Proving $\text{Li}_3\left(-\frac{1}{3}\right)-2 \text{Li}_3\left(\frac{1}{3}\right)= -\frac{\log^33}{6}+\frac{\pi^2}{6}\log 3-\frac{13\zeta(3)}{6}$?
Ramanujan gave the following identities for the Dilogarithm function:
$$ \begin{align*} \operatorname{Li}_2\left(\frac{1}{3}\right)-\frac{1}{6}\operatorname{Li}_2\left(\frac{1}{9}\right) &=\frac{{\pi}^2}{18}-\frac{\log^23}{6} \\ \operatorname{Li}_2\left(-\frac{1}{3}\right)-\frac{1}{3}\operatorname{Li}_2\left(\frac{1}{9}\right) &=-\frac{{\pi}^2}{18}+\frac{1}{6}\log^23 \end{align*} $$ Now, I was wondering if there are similar identities for the trilogarithm? I found numerically that
$$\text{Li}_3\left(-\frac{1}{3}\right)-2 \text{Li}_3\left(\frac{1}{3}\right)\stackrel?= -\frac{\log^3 3}{6}+\frac{\pi^2}{6}\log 3-\frac{13\zeta(3)}{6} \tag{1}$$
- I was not able to find equation $(1)$ anywhere in literature. Is it a new result?

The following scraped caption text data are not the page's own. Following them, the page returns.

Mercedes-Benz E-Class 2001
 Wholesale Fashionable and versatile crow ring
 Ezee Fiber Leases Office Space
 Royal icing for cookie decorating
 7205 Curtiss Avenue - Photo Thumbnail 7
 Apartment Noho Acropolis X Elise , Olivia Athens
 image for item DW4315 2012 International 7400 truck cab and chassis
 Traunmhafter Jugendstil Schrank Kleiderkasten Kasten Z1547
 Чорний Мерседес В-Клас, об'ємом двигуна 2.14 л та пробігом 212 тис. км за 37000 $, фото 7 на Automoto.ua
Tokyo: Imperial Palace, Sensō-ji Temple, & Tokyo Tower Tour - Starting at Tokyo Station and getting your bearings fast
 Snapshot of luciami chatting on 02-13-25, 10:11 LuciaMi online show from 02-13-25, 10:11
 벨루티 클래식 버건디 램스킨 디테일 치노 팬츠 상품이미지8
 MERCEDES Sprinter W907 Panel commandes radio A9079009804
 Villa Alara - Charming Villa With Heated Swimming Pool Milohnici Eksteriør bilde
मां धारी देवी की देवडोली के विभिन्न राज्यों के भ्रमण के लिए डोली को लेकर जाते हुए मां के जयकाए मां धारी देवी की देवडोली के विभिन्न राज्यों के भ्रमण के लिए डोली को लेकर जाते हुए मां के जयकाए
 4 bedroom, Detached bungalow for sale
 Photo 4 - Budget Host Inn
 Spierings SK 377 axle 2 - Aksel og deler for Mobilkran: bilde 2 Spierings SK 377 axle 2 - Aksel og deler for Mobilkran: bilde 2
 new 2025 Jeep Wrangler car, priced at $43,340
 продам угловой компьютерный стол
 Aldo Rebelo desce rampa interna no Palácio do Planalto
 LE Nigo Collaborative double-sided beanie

- How can we prove $(1)$? I believe that it must be true since it agrees to a lot of decimal places.
Solution 1:
Combining trilogarithm identities 1 and 2, one obtains the formula \begin{align} \operatorname{Li}_3\left(\frac{1-z}{1+z}\right)-\operatorname{Li}_3\left(-\frac{1-z}{1+z}\right)= 2\operatorname{Li}_3\left(1-z\right)+2\operatorname{Li}_3\left(\frac{1}{1+z}\right)- \frac12\operatorname{Li}_3\left(\frac{1}{1-z^2}\right)-\frac74\operatorname{Li}_3\left(1\right)\\ -\frac13\ln^3(z+1)+\frac{\pi^2}{6}\ln(z+1)+\frac{1}{12}\ln^3\left(z^2-1\right)+\frac{\pi^2}{12}\ln(z^2-1). \end{align}
Now it suffices to set $z=2$ and use that $\operatorname{Li}_3\left(1\right)=\zeta(3)$, $\operatorname{Li}_3\left(-1\right)=-\frac34\zeta(3)$.
Solution 2:
By "anywhere in literature" did you include L. Lewin, Polylogarithms and Assoicated Functions ?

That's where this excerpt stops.